The most urgent additions include a VMware vCenter Server Improper Access Control vulnerability, a Hikvision Improper Input Validation vulnerability and a FatPipe WARP, IPVPN, and MPVPN Privilege Escalation vulnerability. 

The rest of the list includes vulnerabilities involving Google Chrome, Microsoft Win32K, Microsoft WinVerify, Elastic Kibana, Primetek Primefaces, IBM WebSphere Application Server, Exim Mail Transfer Agent, Palo Alto Networks PAN-OS, Fortinet FortiOS and FortiProxy, Synacor Zimbra and Oracle WebLogic Server. 

The Known Exploited Vulnerabilities Catalog was created last year through a binding directive that allowed CISA to force federal civilian agencies to address certain vulnerabilities that are being used by cyberattackers. The first version of the list included 306 vulnerabilities commonly exploited during attacks but has grown since then.

Joshua Aagard, a vulnerability analyst on the Photon Research Team at Digital Shadows, told ZDNet that CISA’s additions are wide-ranging and likely to come with knock-on effects for infrastructure. 

“Unauthorized actions and remote execution are cited many times as the consequence of successful exploitation. So are data input via sanitization and proper logical handling,” Aagard said. 

“Those I inspected also tend to share a common theme of centralized command or encompass a single point of failure. From an attacker’s perspective, a server console or critical proxy can serve as a Jenga block that brings down all the rest of the accompanying infrastructure.”
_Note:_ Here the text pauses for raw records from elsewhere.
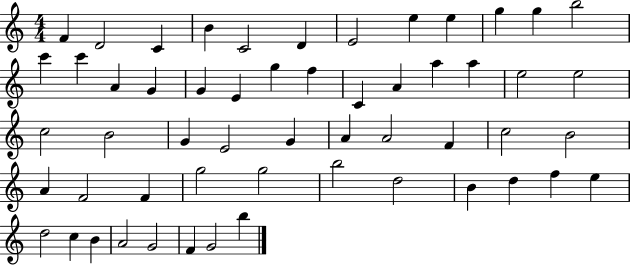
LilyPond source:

{
  \clef treble
  \numericTimeSignature
  \time 4/4
  \key c \major
  f'4 d'2 c'4 | b'4 c'2 d'4 | e'2 e''4 e''4 | g''4 g''4 b''2 | \break c'''4 c'''4 a'4 g'4 | g'4 e'4 g''4 f''4 | c'4 a'4 a''4 a''4 | e''2 e''2 | \break c''2 b'2 | g'4 e'2 g'4 | a'4 a'2 f'4 | c''2 b'2 | \break a'4 f'2 f'4 | g''2 g''2 | b''2 d''2 | b'4 d''4 f''4 e''4 | \break d''2 c''4 b'4 | a'2 g'2 | f'4 g'2 b''4 | \bar "|."
}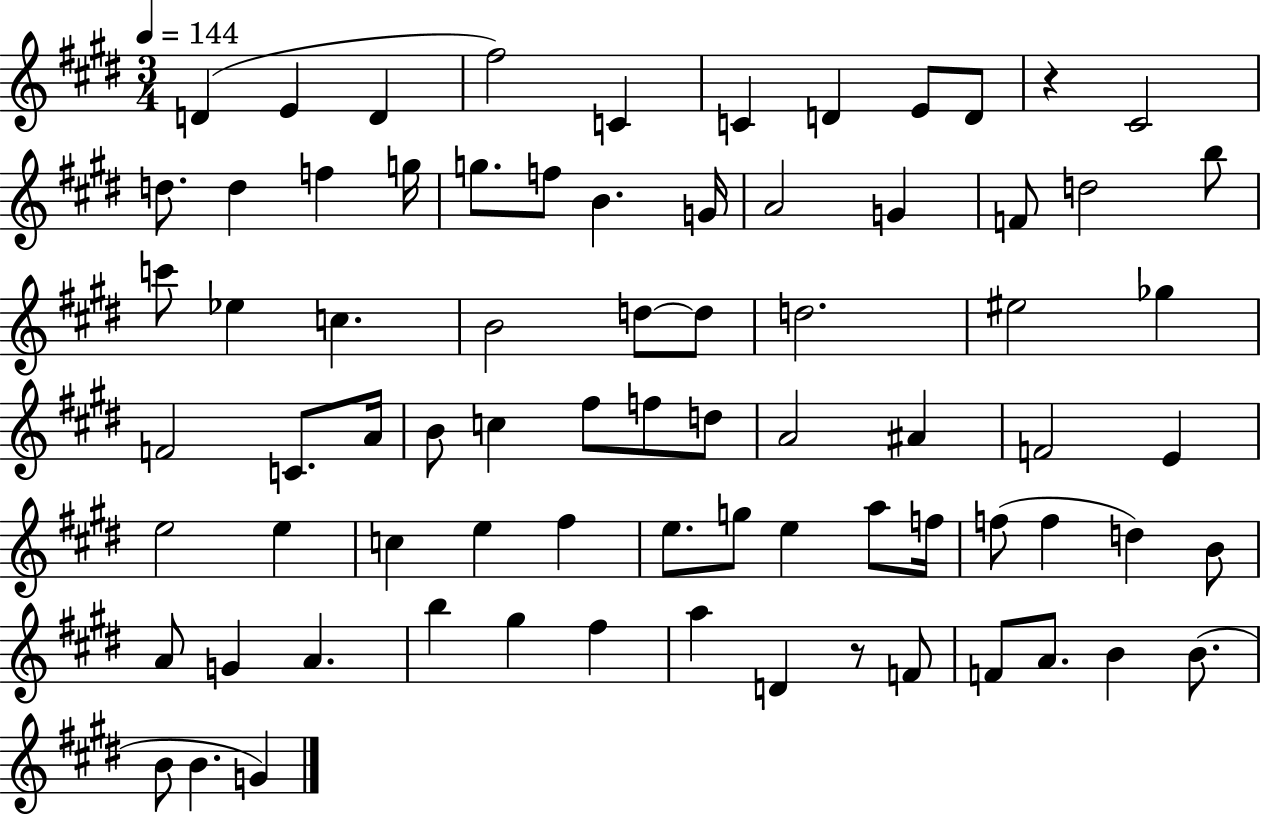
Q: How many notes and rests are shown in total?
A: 76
The three that stood out most to him were the VMware vCenter Server Improper Access Control vulnerability, the Hikvision Improper Input Validation vulnerability and the FatPipe WARP, IPVPN, and MPVPN Privilege Escalation vulnerability. 
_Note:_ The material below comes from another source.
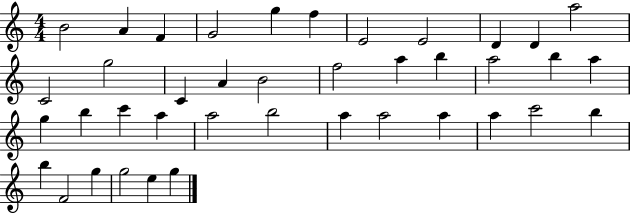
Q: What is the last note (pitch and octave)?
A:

Aagard explained that the vulnerability in Hikvision CCTV cameras and camera systems relates to a lack of input validation, which leaves servers open to potentially malicious command injection attacks, otherwise known as RCE. 
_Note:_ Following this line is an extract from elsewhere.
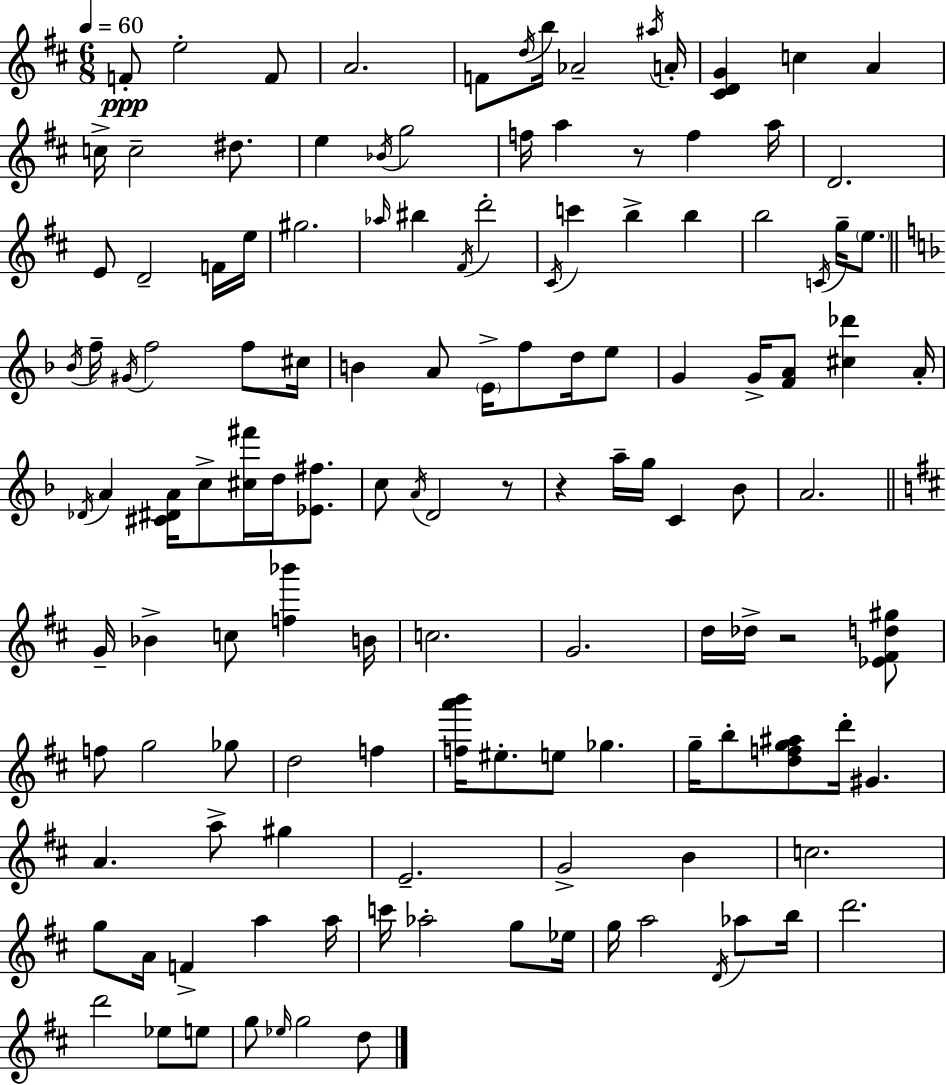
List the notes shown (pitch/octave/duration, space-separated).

F4/e E5/h F4/e A4/h. F4/e D5/s B5/s Ab4/h A#5/s A4/s [C#4,D4,G4]/q C5/q A4/q C5/s C5/h D#5/e. E5/q Bb4/s G5/h F5/s A5/q R/e F5/q A5/s D4/h. E4/e D4/h F4/s E5/s G#5/h. Ab5/s BIS5/q F#4/s D6/h C#4/s C6/q B5/q B5/q B5/h C4/s G5/s E5/e. Bb4/s F5/s G#4/s F5/h F5/e C#5/s B4/q A4/e E4/s F5/e D5/s E5/e G4/q G4/s [F4,A4]/e [C#5,Db6]/q A4/s Db4/s A4/q [C#4,D#4,A4]/s C5/e [C#5,F#6]/s D5/s [Eb4,F#5]/e. C5/e A4/s D4/h R/e R/q A5/s G5/s C4/q Bb4/e A4/h. G4/s Bb4/q C5/e [F5,Bb6]/q B4/s C5/h. G4/h. D5/s Db5/s R/h [Eb4,F#4,D5,G#5]/e F5/e G5/h Gb5/e D5/h F5/q [F5,A6,B6]/s EIS5/e. E5/e Gb5/q. G5/s B5/e [D5,F5,G5,A#5]/e D6/s G#4/q. A4/q. A5/e G#5/q E4/h. G4/h B4/q C5/h. G5/e A4/s F4/q A5/q A5/s C6/s Ab5/h G5/e Eb5/s G5/s A5/h D4/s Ab5/e B5/s D6/h. D6/h Eb5/e E5/e G5/e Eb5/s G5/h D5/e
“Full control of the target device can be had via nonrestricted shell at the root level, which even supersedes the designated owner level,” Aagard said. 

The FatPipe networks vulnerability affects their WARP, IPVPN, and MPVPN offerings and allows attackers to gain access to an unrestricted file upload function on the servlet at the URL path /fpui/uploadConfigServlet, which can then be used to drop a webshell/fpui/img/1,jsp for access to root and subsequent elevated privileges, according to Aagard. 

“Successful exploitation of this vulnerability could lead to pivot access with the internal network. Software versions prior to releases 10.1.2r60p93 and 10.2.2r44p1 are affected by this issue,” Aagard said. 

For the VMware vulnerability, a malicious actor with common network access to port 443 on vCenter Server could exploit this issue to perform a bypass and gain access to internal endpoints, Aagard explained. 

Netenrich principal threat hunter John Bambenek echoed Aagard’s concern about the VMWare vulnerability, noting that VMWare servers aren’t just one asset and are typically used to control many of the important assets in an organization. 

“This vulnerability provides a straightforward path to taking over a vCenter instance and all the assets therein,” Bambenek said. “Another observation is some of these vulnerabilities are quite old (one is from 2013). Why the federal government needs six more months to patch an 8-year-old vulnerability tells me all I need to know about how broken IT security is with the government.”